After 20 years, we’re still talking about patching. How is that possible?
Recently on The CyberCall, a weekly MSP cybersecurity podcast, we discussed common threats and breaches. An Incident Response (IR) expert said that the majority of the breaches relate back to something being unpatched. We are talking patching!
Here’s my take. At the end of the day, asset inventory and patch management need to be the foundation of your approach to security. Don’t spend another $10 to $20 per seat on a bunch of security tools unless you have your foundation (again, asset inventory and patch management) in place. And I’m not the only one who feels this way.
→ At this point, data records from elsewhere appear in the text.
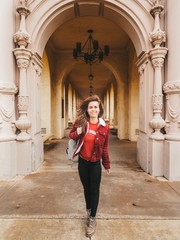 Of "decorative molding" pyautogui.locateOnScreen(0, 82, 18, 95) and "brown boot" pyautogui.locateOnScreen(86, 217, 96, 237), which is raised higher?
"decorative molding" pyautogui.locateOnScreen(0, 82, 18, 95)

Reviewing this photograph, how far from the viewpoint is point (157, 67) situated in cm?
456

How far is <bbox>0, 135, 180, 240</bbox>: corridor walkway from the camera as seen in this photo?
7.71ft

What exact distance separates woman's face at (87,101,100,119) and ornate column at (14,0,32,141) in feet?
8.33

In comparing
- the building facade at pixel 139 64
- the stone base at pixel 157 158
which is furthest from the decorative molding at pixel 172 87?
the stone base at pixel 157 158

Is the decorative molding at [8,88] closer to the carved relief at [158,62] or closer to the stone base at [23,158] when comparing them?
the stone base at [23,158]

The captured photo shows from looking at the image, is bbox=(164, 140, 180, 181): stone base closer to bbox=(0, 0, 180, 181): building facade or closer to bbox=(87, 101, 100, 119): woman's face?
bbox=(0, 0, 180, 181): building facade

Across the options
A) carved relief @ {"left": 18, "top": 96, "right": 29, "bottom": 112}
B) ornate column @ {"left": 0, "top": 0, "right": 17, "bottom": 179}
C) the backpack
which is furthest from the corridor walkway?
carved relief @ {"left": 18, "top": 96, "right": 29, "bottom": 112}

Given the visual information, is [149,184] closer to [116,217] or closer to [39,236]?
[116,217]

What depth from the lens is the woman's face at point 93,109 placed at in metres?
2.37

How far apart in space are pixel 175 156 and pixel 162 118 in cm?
88

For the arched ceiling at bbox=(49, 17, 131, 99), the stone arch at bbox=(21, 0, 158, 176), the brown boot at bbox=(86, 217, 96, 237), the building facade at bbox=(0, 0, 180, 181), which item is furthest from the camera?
the arched ceiling at bbox=(49, 17, 131, 99)

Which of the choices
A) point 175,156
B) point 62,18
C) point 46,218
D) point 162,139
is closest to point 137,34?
point 62,18

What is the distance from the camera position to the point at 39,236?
228 centimetres

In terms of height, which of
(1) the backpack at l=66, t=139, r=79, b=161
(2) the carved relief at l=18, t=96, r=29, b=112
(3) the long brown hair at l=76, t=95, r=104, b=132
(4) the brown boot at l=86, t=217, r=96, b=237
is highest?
(2) the carved relief at l=18, t=96, r=29, b=112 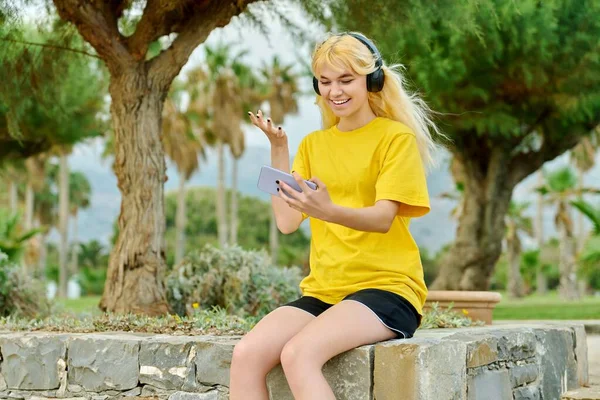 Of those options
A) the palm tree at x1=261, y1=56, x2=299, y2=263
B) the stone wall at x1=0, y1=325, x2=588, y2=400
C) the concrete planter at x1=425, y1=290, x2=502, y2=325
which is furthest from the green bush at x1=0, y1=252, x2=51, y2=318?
the palm tree at x1=261, y1=56, x2=299, y2=263

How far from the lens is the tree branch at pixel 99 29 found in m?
5.96

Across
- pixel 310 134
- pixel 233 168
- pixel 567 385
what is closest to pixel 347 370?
pixel 310 134

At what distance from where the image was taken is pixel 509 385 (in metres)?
4.16

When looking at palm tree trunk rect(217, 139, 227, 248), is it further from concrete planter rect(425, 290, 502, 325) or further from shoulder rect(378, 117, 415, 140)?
shoulder rect(378, 117, 415, 140)

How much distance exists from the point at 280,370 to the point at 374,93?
1268mm

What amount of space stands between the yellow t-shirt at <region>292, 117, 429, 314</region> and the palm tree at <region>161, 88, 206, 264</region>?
24714 mm

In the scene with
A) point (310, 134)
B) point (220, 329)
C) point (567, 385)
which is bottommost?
point (567, 385)

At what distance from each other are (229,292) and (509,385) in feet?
10.9

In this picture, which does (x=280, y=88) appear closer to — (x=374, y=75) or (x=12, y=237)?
(x=12, y=237)

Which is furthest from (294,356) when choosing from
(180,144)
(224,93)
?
(180,144)

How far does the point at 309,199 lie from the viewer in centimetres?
285

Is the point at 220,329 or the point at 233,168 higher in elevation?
the point at 233,168

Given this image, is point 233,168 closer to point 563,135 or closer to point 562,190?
point 562,190

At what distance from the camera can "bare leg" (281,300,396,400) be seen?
9.58 ft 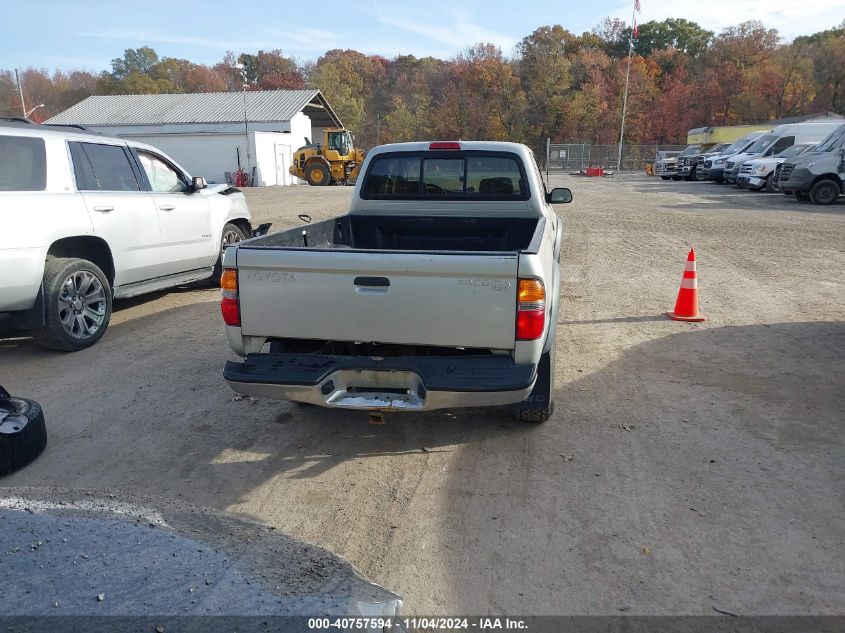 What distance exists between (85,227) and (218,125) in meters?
37.9

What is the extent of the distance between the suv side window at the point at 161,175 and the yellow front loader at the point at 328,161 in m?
26.3

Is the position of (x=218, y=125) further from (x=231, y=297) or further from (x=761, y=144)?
(x=231, y=297)

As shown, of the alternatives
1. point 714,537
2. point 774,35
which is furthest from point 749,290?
point 774,35

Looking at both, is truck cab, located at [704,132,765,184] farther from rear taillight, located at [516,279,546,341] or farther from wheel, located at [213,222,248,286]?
rear taillight, located at [516,279,546,341]

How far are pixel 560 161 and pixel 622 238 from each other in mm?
44285

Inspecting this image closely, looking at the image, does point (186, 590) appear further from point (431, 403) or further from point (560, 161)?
point (560, 161)

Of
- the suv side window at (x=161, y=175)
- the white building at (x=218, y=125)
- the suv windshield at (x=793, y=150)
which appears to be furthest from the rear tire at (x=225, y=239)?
the white building at (x=218, y=125)

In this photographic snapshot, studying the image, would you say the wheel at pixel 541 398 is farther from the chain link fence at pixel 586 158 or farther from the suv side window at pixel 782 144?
the chain link fence at pixel 586 158

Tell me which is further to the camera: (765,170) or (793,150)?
(765,170)

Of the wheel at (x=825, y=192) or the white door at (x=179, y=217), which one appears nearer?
the white door at (x=179, y=217)

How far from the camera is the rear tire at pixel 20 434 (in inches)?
152

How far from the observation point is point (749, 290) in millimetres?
8586

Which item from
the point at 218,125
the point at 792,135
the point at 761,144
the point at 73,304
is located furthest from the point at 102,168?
the point at 218,125

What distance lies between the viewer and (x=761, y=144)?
1088 inches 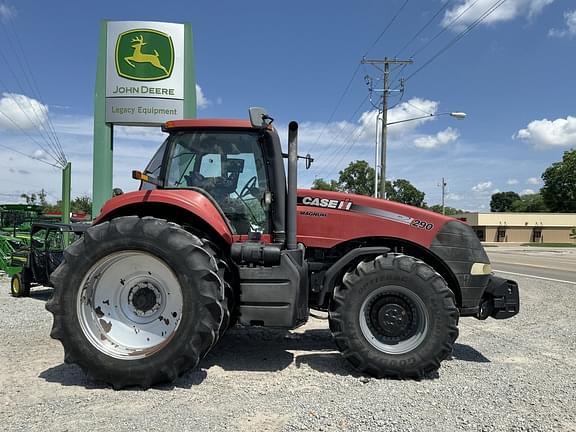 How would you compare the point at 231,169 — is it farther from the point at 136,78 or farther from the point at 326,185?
the point at 326,185

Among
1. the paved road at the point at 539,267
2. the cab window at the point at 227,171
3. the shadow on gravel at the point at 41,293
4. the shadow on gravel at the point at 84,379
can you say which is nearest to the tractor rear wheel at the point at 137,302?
the shadow on gravel at the point at 84,379

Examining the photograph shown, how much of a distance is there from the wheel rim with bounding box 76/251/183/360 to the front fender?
475 mm

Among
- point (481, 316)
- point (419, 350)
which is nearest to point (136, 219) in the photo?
point (419, 350)

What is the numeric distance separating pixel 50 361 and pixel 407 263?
356 cm

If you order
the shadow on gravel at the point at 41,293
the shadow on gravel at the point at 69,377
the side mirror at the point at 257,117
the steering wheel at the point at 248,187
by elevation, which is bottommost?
the shadow on gravel at the point at 41,293

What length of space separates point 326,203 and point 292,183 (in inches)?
22.4

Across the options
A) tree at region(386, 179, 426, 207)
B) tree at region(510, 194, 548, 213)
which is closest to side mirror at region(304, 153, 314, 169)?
tree at region(386, 179, 426, 207)

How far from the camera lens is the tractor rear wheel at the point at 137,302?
12.5 ft

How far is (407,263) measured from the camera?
4.23m

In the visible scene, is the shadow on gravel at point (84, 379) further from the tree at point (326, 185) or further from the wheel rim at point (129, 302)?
the tree at point (326, 185)

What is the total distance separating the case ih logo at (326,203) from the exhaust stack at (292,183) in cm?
44

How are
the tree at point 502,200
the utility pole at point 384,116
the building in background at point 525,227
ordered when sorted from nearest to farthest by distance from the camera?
the utility pole at point 384,116 → the building in background at point 525,227 → the tree at point 502,200

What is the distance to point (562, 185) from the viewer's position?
70062 millimetres

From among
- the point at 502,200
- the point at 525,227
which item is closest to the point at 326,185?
the point at 525,227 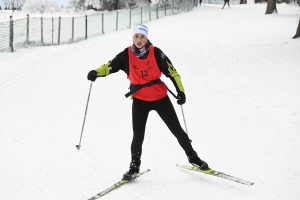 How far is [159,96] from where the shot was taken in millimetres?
4289

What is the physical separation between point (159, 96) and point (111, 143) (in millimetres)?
2083

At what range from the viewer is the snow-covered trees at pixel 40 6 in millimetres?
55056

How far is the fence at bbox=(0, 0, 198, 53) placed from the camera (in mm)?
16094

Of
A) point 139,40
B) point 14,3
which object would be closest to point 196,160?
point 139,40

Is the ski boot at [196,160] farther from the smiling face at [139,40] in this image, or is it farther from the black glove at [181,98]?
the smiling face at [139,40]

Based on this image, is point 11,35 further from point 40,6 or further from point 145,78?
point 40,6

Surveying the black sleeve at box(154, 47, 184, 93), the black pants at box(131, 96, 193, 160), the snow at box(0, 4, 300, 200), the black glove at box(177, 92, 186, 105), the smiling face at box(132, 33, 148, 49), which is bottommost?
the snow at box(0, 4, 300, 200)

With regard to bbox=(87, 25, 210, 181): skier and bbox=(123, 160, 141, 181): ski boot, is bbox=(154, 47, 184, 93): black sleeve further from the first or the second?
bbox=(123, 160, 141, 181): ski boot

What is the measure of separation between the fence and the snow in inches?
135

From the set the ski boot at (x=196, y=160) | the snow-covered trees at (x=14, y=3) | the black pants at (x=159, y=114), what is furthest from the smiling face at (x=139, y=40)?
the snow-covered trees at (x=14, y=3)

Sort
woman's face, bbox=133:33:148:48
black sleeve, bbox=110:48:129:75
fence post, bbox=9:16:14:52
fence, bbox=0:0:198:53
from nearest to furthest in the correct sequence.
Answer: woman's face, bbox=133:33:148:48 → black sleeve, bbox=110:48:129:75 → fence post, bbox=9:16:14:52 → fence, bbox=0:0:198:53

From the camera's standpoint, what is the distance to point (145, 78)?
165 inches

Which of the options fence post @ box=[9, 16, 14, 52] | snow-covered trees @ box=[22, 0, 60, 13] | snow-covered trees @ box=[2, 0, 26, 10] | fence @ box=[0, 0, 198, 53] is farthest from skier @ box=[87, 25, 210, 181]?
snow-covered trees @ box=[2, 0, 26, 10]

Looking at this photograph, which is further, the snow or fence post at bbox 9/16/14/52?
fence post at bbox 9/16/14/52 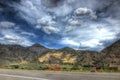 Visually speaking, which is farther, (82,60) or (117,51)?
(82,60)

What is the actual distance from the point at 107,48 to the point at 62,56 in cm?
4936

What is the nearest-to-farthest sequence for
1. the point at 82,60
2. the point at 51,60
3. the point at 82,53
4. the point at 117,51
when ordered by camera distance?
the point at 117,51, the point at 82,60, the point at 82,53, the point at 51,60

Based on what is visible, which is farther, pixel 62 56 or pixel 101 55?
pixel 62 56

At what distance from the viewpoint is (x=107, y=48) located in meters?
160

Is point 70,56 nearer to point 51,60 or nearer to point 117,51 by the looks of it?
point 51,60

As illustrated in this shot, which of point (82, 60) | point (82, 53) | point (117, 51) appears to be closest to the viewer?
point (117, 51)

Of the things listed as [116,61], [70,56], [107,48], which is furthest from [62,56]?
[116,61]

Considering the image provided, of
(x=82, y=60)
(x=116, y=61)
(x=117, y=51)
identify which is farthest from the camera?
(x=82, y=60)

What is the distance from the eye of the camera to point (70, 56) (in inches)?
7598

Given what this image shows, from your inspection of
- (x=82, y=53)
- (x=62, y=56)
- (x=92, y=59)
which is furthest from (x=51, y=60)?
(x=92, y=59)

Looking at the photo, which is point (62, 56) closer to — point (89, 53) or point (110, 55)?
point (89, 53)

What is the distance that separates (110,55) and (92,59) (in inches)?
501

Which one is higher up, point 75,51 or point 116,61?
point 75,51

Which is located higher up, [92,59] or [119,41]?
[119,41] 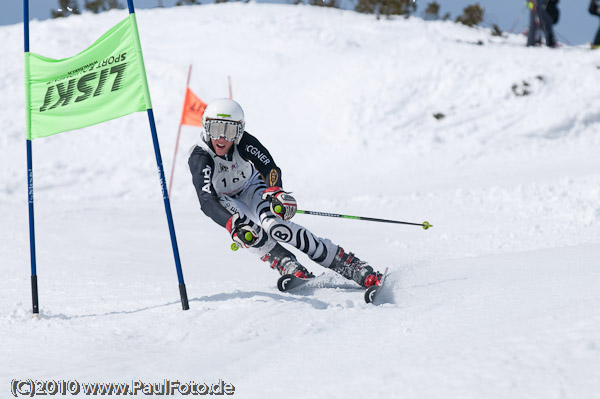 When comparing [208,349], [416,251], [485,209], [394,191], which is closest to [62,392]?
[208,349]

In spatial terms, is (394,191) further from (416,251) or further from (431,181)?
(416,251)

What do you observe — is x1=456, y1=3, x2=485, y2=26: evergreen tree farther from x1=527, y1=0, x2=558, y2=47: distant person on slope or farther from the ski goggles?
the ski goggles

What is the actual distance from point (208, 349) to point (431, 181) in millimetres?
9175

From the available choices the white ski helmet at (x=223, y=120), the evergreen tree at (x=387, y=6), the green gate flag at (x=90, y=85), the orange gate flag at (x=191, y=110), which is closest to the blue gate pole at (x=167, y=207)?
the green gate flag at (x=90, y=85)

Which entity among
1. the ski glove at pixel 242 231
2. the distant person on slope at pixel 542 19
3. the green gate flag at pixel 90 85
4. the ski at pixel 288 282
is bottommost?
the ski at pixel 288 282

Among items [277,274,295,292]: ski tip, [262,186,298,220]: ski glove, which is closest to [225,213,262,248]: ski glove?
[262,186,298,220]: ski glove

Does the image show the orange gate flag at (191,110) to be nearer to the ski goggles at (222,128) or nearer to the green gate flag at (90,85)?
the ski goggles at (222,128)

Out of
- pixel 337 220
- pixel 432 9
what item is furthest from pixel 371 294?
pixel 432 9

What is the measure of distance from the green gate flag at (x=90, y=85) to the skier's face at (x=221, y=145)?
739 mm

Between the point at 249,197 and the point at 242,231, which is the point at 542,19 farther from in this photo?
the point at 242,231

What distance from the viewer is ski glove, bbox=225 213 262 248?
4461 mm

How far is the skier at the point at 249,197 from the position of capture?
482 cm

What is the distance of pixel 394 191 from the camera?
37.9 ft

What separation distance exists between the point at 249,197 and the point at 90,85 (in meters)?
1.68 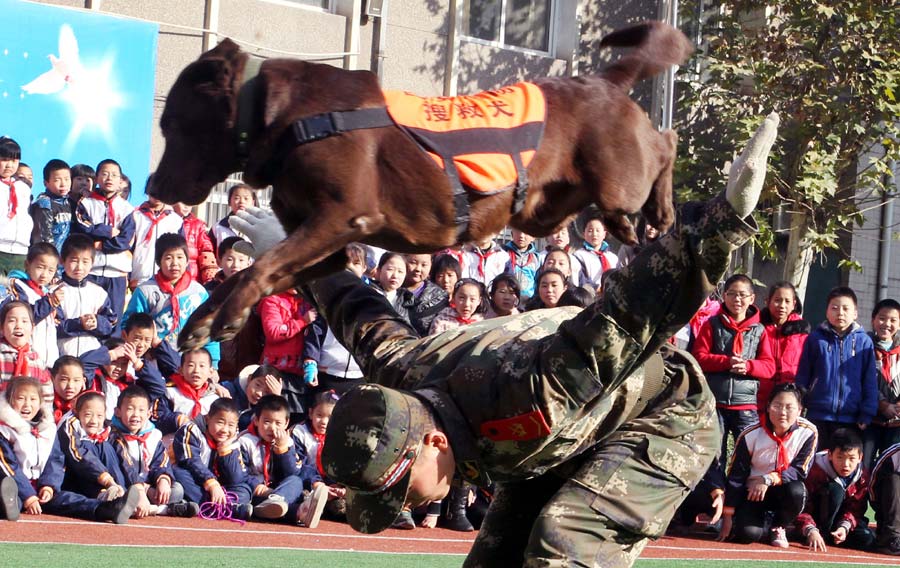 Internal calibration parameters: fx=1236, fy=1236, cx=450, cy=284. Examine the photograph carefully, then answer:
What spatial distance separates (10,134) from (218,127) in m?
6.15

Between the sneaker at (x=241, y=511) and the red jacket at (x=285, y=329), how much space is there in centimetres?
87

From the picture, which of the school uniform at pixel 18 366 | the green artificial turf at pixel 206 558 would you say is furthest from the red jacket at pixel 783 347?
the school uniform at pixel 18 366

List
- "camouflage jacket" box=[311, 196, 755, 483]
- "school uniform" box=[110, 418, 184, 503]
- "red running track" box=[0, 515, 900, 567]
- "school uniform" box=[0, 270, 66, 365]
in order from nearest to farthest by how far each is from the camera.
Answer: "camouflage jacket" box=[311, 196, 755, 483] → "red running track" box=[0, 515, 900, 567] → "school uniform" box=[110, 418, 184, 503] → "school uniform" box=[0, 270, 66, 365]

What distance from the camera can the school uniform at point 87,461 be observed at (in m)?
6.79

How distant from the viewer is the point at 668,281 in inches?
100

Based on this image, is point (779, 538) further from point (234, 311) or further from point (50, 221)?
point (234, 311)

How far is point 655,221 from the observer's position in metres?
4.00

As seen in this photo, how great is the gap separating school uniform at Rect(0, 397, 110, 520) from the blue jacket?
181 inches

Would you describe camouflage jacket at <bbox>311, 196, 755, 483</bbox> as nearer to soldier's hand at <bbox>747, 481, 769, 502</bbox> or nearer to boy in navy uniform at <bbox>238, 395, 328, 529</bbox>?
boy in navy uniform at <bbox>238, 395, 328, 529</bbox>

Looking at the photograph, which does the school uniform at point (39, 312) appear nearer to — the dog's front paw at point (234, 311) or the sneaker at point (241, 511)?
A: the sneaker at point (241, 511)

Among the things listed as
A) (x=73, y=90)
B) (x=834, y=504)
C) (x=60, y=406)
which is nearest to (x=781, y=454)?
(x=834, y=504)

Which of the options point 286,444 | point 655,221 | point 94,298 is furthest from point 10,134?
point 655,221

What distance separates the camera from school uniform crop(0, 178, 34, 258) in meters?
7.54

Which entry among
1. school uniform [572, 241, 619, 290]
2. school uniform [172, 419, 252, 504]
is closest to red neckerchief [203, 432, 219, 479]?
school uniform [172, 419, 252, 504] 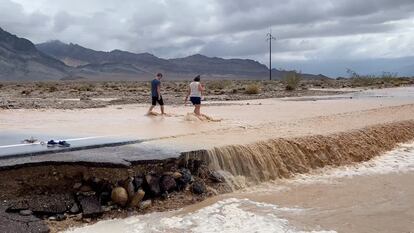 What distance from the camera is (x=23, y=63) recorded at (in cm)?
15700

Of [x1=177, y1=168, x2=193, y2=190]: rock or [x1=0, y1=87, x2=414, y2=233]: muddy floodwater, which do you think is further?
[x1=177, y1=168, x2=193, y2=190]: rock

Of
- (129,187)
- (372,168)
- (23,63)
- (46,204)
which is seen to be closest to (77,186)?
(46,204)

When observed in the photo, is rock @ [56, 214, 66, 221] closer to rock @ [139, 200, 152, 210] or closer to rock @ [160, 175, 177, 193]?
rock @ [139, 200, 152, 210]

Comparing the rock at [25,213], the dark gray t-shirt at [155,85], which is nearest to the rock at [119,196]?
the rock at [25,213]

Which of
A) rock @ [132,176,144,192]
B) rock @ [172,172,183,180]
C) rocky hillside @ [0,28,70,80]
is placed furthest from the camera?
rocky hillside @ [0,28,70,80]

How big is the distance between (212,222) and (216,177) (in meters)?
2.13

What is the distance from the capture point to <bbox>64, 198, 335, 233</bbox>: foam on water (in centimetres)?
876

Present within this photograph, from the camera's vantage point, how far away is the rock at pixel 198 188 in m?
10.5

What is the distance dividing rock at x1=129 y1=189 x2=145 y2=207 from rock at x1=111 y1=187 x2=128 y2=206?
128 mm

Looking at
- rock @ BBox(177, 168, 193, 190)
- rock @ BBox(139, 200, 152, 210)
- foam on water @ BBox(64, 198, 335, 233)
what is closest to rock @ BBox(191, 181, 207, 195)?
rock @ BBox(177, 168, 193, 190)

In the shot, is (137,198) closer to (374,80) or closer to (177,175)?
(177,175)

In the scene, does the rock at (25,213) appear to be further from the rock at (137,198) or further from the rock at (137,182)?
the rock at (137,182)

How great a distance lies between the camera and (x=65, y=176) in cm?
966

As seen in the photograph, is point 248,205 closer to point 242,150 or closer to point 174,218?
point 174,218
Jon Murchison, the CEO of Blackpoint Cyber, a technology-focused cyber security company headquartered in Maryland, agrees with me. His theory is this — less is more when it comes to security stack and controls. For example, understanding threat actors and the very common tactics they use will get you to the right approach. Upgrading to advanced antivirus (AV) and endpoint detection and response (EDR) (which threat actors can socially engineer around) without doing the basics doesn’t move your security posture forward.
Implementing the basics to prevent cyberattacks doesn’t have to be challenging, especially when there are resources out there to help you along, such as the Center of Internet Security (CIS)’s implementation groups. But, while your implementation groups cover all the right bases, don’t spend too much time on steps three through ten until you have process and discipline in a repeatable way around steps one and two.